バルセロナ郊外の大きな邸宅の一角には、ミーティングルームがあった。プロジェクターがあり、大きなモニターが備え付けられていた。イニエスタはここに家族やマネージャーも招き入れた。三木谷が、にこやかに話し始める。安藤は語る。

「楽天グループという会社やサービスの説明から、ヴィッセル神戸というチームの素晴らしさ、日本の生活環境、神戸の街の特徴まで、いろんなことを話していきました。僕が印象深かったのは、日本のサッカー界を引っ張っていってほしい、という言葉です。イニエスタは、この言葉に一番、反応したんじゃないかと思います」

世界ナンバーワンのミッドフィルダーが日本にやってくる。それは、ヴィッセル神戸というクラブチームだけの価値ではない、ということを三木谷はよくわかっていた。日本のサッカー界のためにもイニエスタには来てほしかったのだ。

写真=iStock.com/Sean Pavone
神戸の街並み ※写真はイメージです

「これは現実なのか」とさすがに興奮した

この電撃訪問の後、三木谷は日本に戻った。イニエスタはその後、家族とパリで1週間の休暇を取ることになっていた。パリのディズニーランドを訪れると聞いた三木谷は、なんと日本からイニエスタを迎えに行くことを決意する。

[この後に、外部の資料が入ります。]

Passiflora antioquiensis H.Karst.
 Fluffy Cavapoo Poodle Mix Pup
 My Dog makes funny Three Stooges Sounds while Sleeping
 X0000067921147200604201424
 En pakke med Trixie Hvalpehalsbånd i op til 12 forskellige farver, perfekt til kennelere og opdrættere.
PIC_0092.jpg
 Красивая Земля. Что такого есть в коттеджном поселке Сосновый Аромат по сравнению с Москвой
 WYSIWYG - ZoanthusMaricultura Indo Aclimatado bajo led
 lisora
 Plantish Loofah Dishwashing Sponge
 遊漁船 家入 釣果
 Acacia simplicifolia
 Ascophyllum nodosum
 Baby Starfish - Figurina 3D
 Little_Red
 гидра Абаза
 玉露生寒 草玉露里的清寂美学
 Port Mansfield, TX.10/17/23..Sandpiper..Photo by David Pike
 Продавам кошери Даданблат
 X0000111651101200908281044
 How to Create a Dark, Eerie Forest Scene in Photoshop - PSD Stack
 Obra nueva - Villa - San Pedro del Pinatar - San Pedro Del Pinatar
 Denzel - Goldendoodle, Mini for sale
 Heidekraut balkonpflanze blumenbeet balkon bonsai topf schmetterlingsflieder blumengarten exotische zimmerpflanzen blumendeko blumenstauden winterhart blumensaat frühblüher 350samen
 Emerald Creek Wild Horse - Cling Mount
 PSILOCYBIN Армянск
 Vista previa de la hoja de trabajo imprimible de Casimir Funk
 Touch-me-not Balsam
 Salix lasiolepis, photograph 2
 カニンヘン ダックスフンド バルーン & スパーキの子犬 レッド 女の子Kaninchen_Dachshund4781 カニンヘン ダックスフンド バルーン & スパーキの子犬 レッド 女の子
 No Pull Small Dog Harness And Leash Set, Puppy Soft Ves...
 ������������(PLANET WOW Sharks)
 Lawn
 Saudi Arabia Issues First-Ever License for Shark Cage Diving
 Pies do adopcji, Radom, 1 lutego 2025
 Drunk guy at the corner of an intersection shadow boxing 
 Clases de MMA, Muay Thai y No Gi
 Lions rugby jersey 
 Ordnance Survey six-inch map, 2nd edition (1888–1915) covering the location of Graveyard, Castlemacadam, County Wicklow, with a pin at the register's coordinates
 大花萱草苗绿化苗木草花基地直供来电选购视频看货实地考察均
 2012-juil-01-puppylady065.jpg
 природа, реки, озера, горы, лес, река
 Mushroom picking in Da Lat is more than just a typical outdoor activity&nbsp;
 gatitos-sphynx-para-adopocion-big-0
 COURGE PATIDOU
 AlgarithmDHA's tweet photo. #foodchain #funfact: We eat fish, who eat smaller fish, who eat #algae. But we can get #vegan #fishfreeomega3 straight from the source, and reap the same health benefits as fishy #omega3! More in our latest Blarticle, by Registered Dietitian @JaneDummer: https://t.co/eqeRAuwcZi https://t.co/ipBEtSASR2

そしてこのパリで、イニエスタはヴィッセル神戸との契約にサインをすることになる。

「目の前で三木谷とがっちり握手をして。これは現実なのか、とさすがに私も興奮しました。とんでもないことが起きた、と思いましたね。しかも、三木谷はそのままプライベートジェットでイニエスタを日本に連れてきてしまうわけです」

イニエスタのスタッフも乗り込んだため、安藤は寝る場所がなくなってしまい、ジェットの床に寝転んで寝ることになった。もっとも、目と鼻の先に、世界的なサッカープレーヤーがいるのだ。そうそう眠れるものではなかった。

三木谷はこのとき、

「これから新しい友達を連れて東京に帰ります」

とイニエスタとのツーショット写真とともにツイッターに投稿している。日本が大騒ぎになったのは、言うまでもない。